Product information management (PIM): What is a PIM? Definition and Best Software (2022)
You’re excited. You’ve just announced to the team that your business is ready to launch an international expansion strategy next year. Of course, the localization and currencies problem is just a minor one …
“We’ll just set up another store, and we’re set,” one of your ecommerce managers says.
Then, a product manager speaks up: “How on earth are we going to manage two or three times the product information and coordinate everything without third-party logistics?”
Maybe you’ve already crossed that line.
You knew managing the product information manually would be a nightmare, so you decided to set an automated system up to do it. You launched internationally, but it’s been a year since implementation, and now it’s hitting the fan. Whether that situation describes where you’re at or merely hints at some of the looming challenges, now is the time to evaluate how you’re handling and implementing product information management.
You’re not alone.
What is a product information management (PIM) system?
Product information management (PIM) is system that manages product data in order to market and sell across various channels.
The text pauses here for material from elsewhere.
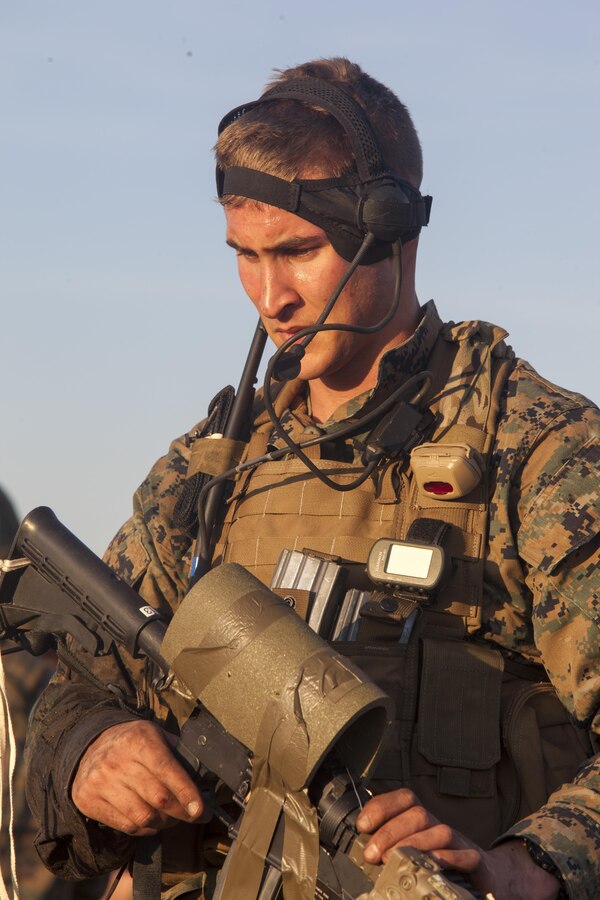Corporal Tyler Ring, a reconnaissance man with Force Company, 2nd Reconnaissance Battalion, 2nd Marine Division, stands guard while his team regrouped after inserting by parachute, and before moving out on a foot patrol during a training exercise at Marine Corps Base Camp Lejeune, N.C., Feb. 18, 2014. Moving more than five miles through the wet, muddy swamplands took the Marines approximately 11 hours to complete.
It takes all product data from every distribution channel and centralizes it into one place.
Image via “Product Information Management: Theory and Practice” by Abraham Jorji
You and your team can edit and manage all of your product information at once from the PIM system’s interface (e.g., item numbers, references, catalogs, SKU data, images and videos, translations, localizations, documentation, etc.).
Your PIM solution could provide product information to all sorts of stakeholders, from internal business operations through to suppliers, manufacturers, wholesalers, and customers.
Many companies consider a PIM when they have thousands of products to manage, but even stores with a limited number of products may invest in a PIM system.
Despite a seemingly limited product count, they might have a high set of variables and customizations. Or, if they’re expanding internationally, they might set up multiple stores as part of their localization process.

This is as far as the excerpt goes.